§ **Supplied material**
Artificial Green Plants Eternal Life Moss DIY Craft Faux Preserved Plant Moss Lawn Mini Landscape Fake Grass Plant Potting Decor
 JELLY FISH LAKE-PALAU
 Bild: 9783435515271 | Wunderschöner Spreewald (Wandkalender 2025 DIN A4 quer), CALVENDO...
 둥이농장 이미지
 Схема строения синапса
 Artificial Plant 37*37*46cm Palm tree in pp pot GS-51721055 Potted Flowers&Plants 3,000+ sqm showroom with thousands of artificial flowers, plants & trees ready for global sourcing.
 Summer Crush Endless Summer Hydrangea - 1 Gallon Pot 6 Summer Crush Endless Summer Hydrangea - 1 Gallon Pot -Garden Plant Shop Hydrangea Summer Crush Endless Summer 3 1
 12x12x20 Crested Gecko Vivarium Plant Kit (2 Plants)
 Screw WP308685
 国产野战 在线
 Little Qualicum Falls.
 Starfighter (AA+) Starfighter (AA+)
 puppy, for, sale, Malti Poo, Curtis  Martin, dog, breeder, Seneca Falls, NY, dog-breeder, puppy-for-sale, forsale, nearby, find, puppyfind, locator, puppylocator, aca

§ **Task item**
Nothing but a number should be given for this: how many lines in the entries above contain "Falls"?

§ **Answer section**
2